Explanation of Scare card
A scare card is one which we believe will cause our opponent to fold more frequently when facing aggression. Villain believes the card increases the strength of our holding and will hence be less inclined to play back against our bets.
Seeing as the topic of “scare cards” is most commonly used in a Hold’em context, it might be ironic to consider that not only does the idea of scare cards not originate with Hold’em, but it’s also highly debatable whether the idea is even especially relevant or applicable to Hold’em.
Instead, the concept of “scare cards” appears to be a misappropriation of commonly accepted Stud strategy.
Example of Scare Card used in a sentence -> (Hold’em) The turn card was a scare card so we continued barrelling as a bluf.
How to Use Scare card as Part of Your Poker Strategy
Some Hold’em strategy books present the idea that we should be barrelling aggressively every time the turn or river is an overcard to the board. The general premise is that we can represent that we have connected with these cards and use them as good bluff opportunities i.e. scare cards. However, relentlessly barrelling in Hold’em every time an overcard falls is a highly unbalanced approach. It results in a predictable and heavily exploitable strategy.
So how is this different in application of scare card strategy to Stud?
Imagine the boards read as follows on fourth street in a Seven Card Stud game:
Player 1: (xx)Q♣4♥
Player 2: (xx)7♦A♦
Perhaps player 2 did not have the betting lead on third street, but he is now given the betting lead on fourth street since he has the highest ranked upcards. Note that on third street his holding was not especially threatening, but the Ace now serves as a scare card. Not only might player 2 now have a potential pair of Aces, but he now appears to be developing co-ordination towards a diamond flush.

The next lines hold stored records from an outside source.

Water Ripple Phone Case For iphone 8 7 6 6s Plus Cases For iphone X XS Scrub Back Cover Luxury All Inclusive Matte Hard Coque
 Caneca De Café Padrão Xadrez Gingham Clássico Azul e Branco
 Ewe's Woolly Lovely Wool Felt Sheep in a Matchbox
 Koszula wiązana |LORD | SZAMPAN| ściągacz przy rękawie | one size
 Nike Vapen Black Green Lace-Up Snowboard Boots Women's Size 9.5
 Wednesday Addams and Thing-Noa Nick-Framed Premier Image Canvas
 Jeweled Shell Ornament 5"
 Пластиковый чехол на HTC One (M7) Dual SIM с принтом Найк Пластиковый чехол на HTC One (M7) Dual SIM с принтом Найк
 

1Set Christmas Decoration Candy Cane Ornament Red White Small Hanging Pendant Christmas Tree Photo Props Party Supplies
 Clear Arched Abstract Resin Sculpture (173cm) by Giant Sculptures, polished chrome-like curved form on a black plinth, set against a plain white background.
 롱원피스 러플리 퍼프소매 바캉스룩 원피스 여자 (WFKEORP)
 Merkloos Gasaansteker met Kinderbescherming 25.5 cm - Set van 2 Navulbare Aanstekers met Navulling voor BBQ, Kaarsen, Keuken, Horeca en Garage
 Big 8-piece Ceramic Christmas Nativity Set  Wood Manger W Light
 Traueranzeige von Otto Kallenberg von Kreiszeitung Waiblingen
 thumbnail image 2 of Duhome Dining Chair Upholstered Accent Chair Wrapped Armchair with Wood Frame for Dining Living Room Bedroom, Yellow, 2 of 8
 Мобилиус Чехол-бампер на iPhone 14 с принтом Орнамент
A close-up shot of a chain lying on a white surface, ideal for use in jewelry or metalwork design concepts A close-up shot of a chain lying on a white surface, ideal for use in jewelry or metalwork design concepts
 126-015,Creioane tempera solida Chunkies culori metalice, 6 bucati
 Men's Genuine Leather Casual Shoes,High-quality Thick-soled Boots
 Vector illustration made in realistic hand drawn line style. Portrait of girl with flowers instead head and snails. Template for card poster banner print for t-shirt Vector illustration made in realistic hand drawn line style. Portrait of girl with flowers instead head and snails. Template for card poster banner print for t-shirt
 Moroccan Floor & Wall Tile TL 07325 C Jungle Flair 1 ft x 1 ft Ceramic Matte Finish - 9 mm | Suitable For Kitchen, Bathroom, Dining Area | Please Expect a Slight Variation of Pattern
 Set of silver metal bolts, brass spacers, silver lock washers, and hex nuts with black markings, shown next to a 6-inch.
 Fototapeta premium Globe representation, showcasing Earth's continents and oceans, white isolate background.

This might be a good time for player 2 to bet, representing that his hand is strong.
The key difference when discussing scare cards in Stud is that the Ad in this example belongs exclusively to player 2. It’s no problem if he plays extremely aggressively every time this spot crops up because he will often have the best hand. It’s also going to be somewhat difficult for player 1 to continue with a wide range given the strength of player 2’s board.
Hold’em players have tried to take this concept and apply it to Hold’em, but unfortunately this is an example of a concept that doesn’t translate that well. When a high card hits the board in Hold’em, both players can use that card to formulate their hand whereas in Stud, scare cards belong exclusively to one player or the other.